* About this task
Below is a block of records; return all of them exactly, but without the images.

(Provided entries begins)

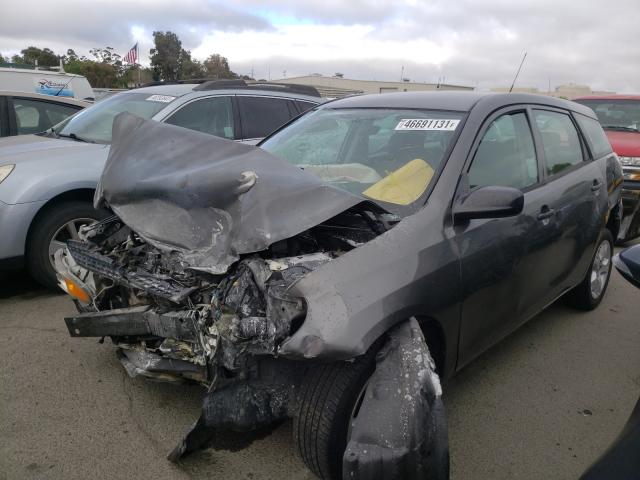 Photo 2 from auction – 2007 TOYOTA COROLLA MA with VIN 2T1KR32E47C665671
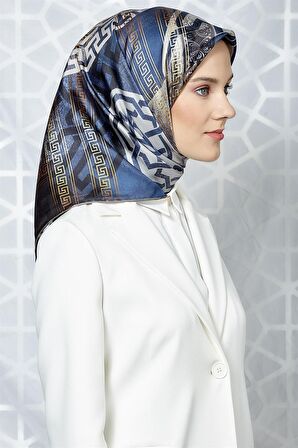 Armine Twill İpek Eşarp 19Ka8245 09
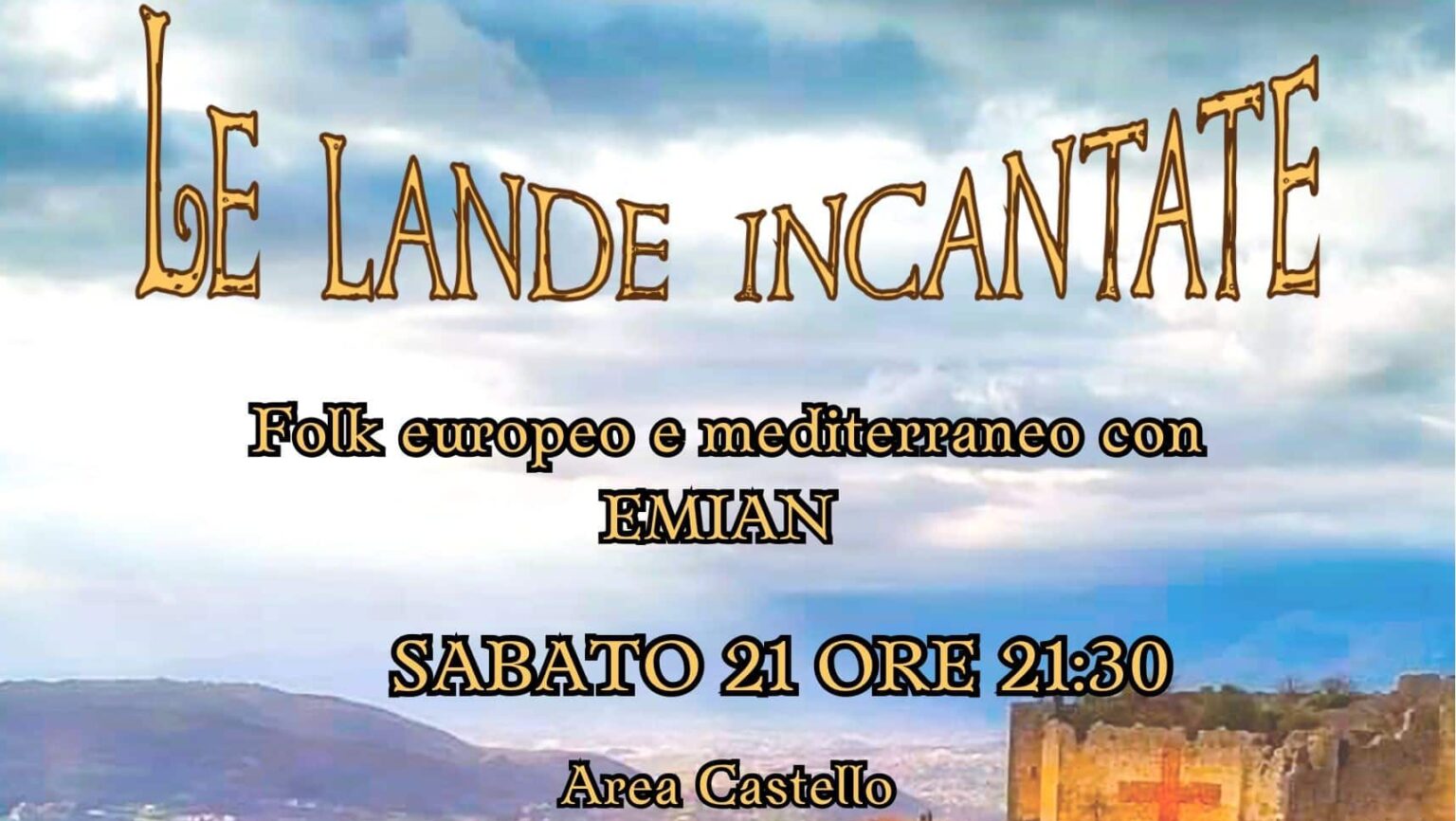 Le Lande Incantate Vicalvi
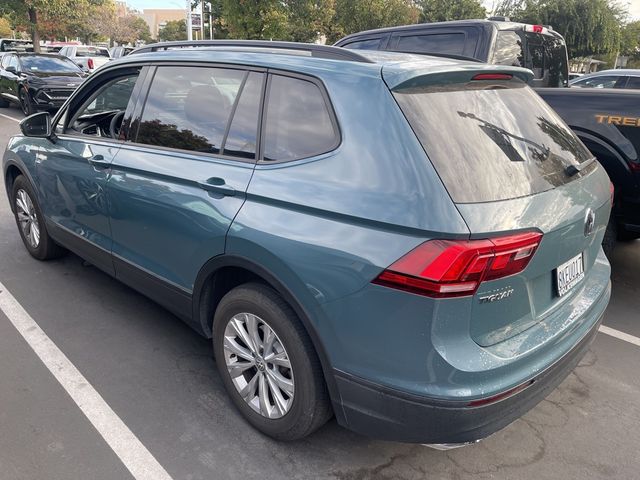 2019 Volkswagen Tiguan S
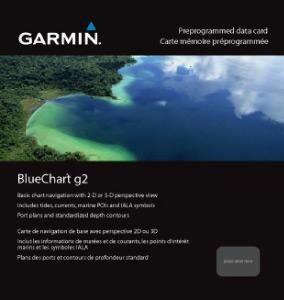 Image du produit Garmin BlueChart g2 HXAF002R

(Provided entries ends)

* Task response
 Photo 2 from auction – 2007 TOYOTA COROLLA MA with VIN 2T1KR32E47C665671
 Armine Twill İpek Eşarp 19Ka8245 09
 Le Lande Incantate Vicalvi
 2019 Volkswagen Tiguan S
 Image du produit Garmin BlueChart g2 HXAF002R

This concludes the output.